Kate





"Where are we going?" I asked again, to which he neglected to answer again.

"Talk." He urged and all of the rants and raving speeches I had prepared failed me in the small vicinity of this car. "Katherine?" He glanced in my direction.

I let out a sigh and looked out the window. "Just, try to consider it. Charlie should have one of our last names."

"Have you considered giving her mine?"

"No." I admitted. "Not ever." The thought hadn't crossed my mind since pregnancy in which the answer was hell fὑcking no. It was too dangerous, we wanted her as far removed from the mafia as possible, she wasn't a Genovese, she wasn't like the rest of them.

"Perhaps you should. There is no danger Katherine. It's not even an uncommon name. Besides, everyone who could know she exists, does know. She is safe."

"But she's not." I argued. "You have some honor, but that doesn't mean your enemies do! I've been used against you, in the past Aria has been used against you, your own father tortured your brother. There is no honor in the game. If you are still relevant then we are still in danger Alessio."

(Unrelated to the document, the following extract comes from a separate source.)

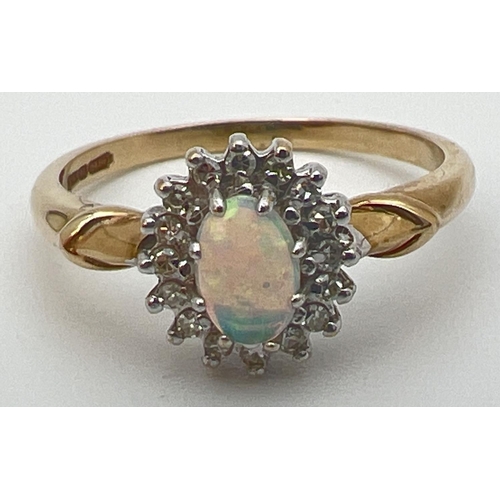 21 - A 9ct gold, opal and diamond dress ring with decorative shoulder detail. Central oval opal cabochon ...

It was a topic that flooded my mind often. Occasionally, especially after Nigel had been living with us for some time, I would lull into a false sense of security. My guard would drop and I would start to get cozy with thoughts of a normal every day life and then suddenly a stray branch knocking on our window at night, or an intense news story, unmarked mail, little things would set me back off. We couldn't afford to be comfortable and naïve, we would always be at risk.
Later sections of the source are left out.